- _ACTIVITY_:
Nothing but the lines from the one containing "zeus oak door" through the last line of the records belongs in the answer, copied exactly and with the pictures left out.

——————————

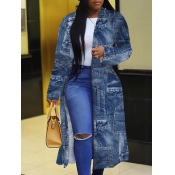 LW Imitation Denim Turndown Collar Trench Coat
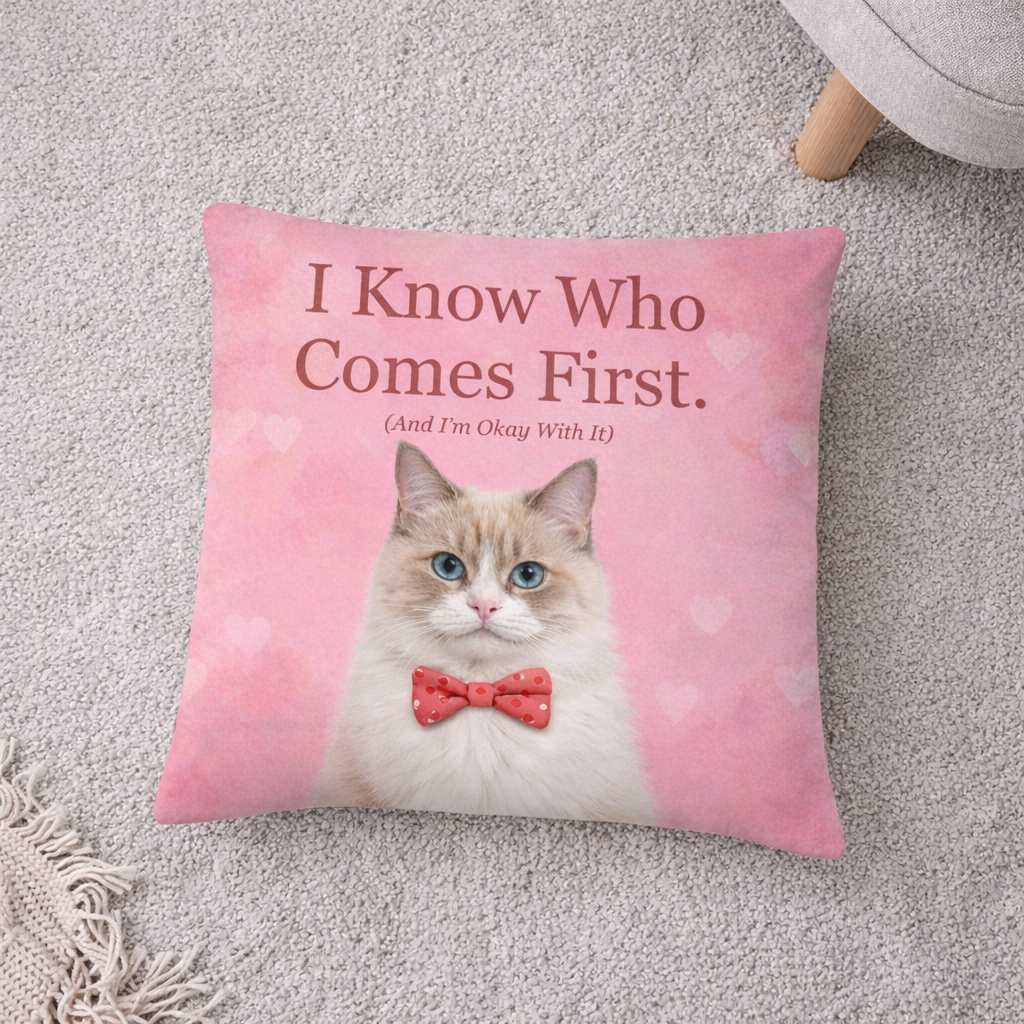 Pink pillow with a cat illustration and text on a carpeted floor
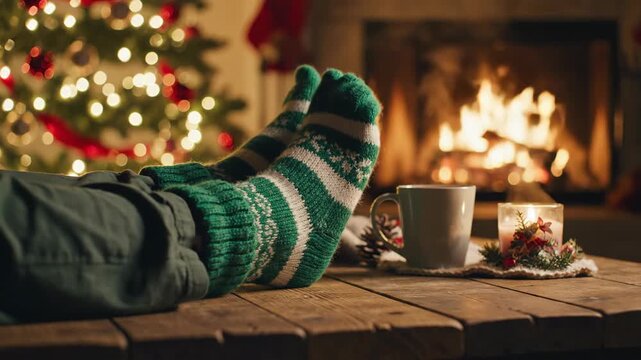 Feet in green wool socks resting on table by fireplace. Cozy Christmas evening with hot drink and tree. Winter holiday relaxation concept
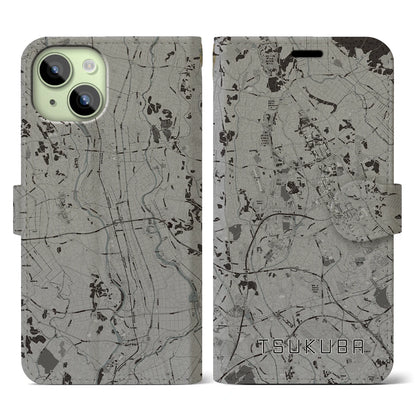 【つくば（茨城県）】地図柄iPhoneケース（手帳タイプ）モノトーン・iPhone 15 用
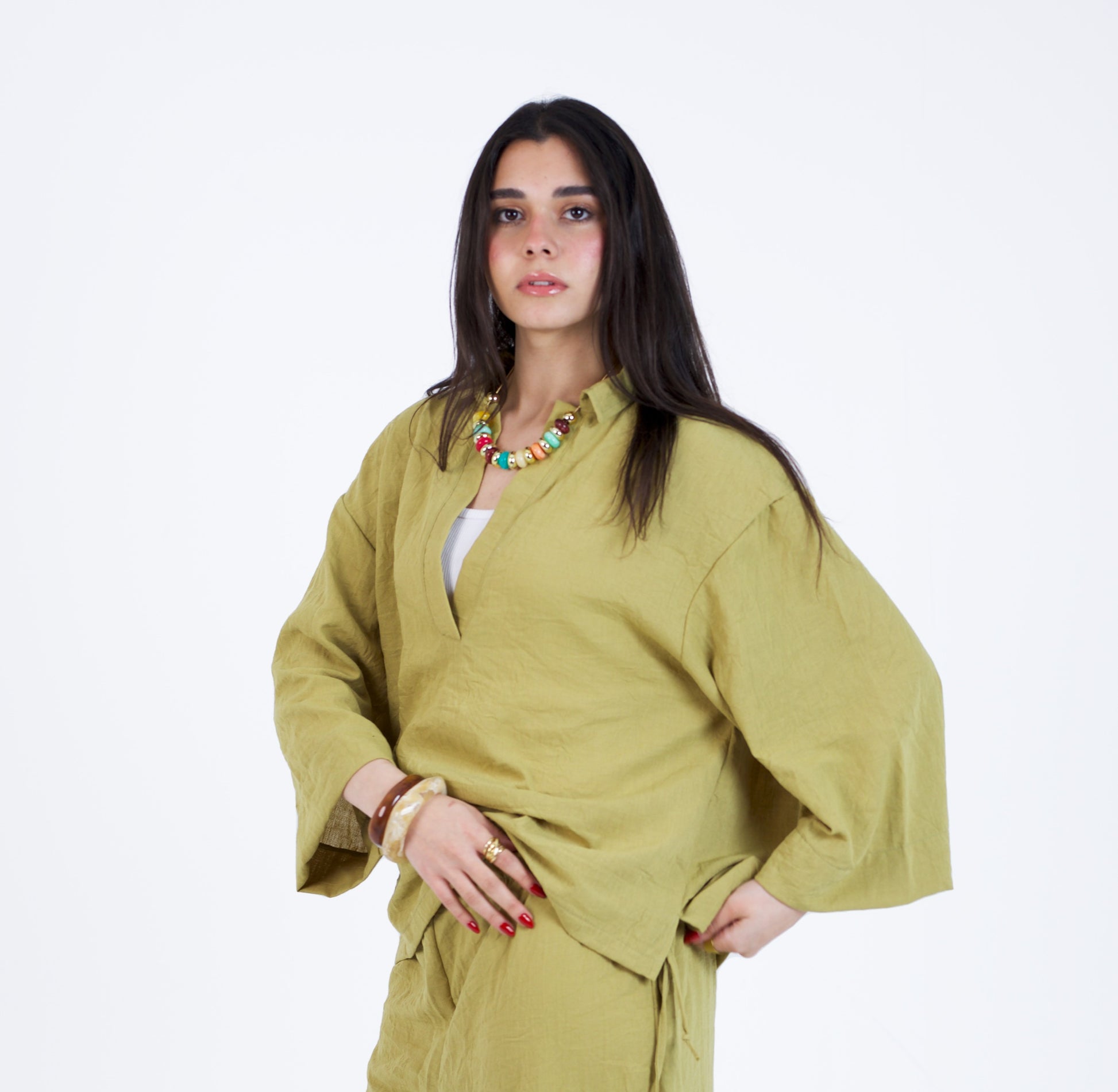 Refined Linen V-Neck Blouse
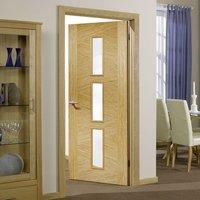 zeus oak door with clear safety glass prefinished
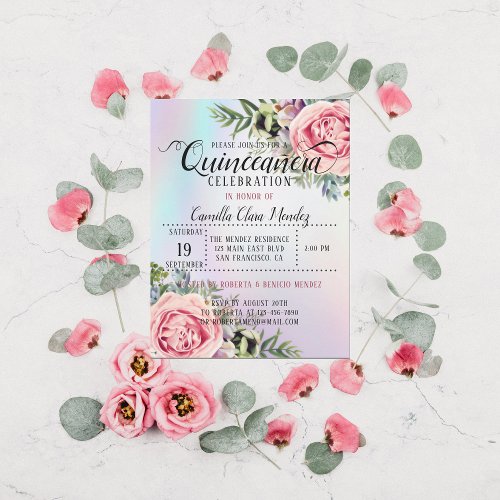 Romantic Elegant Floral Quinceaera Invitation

——————————

- _RESPONSE_:
 zeus oak door with clear safety glass prefinished
 Romantic Elegant Floral Quinceaera Invitation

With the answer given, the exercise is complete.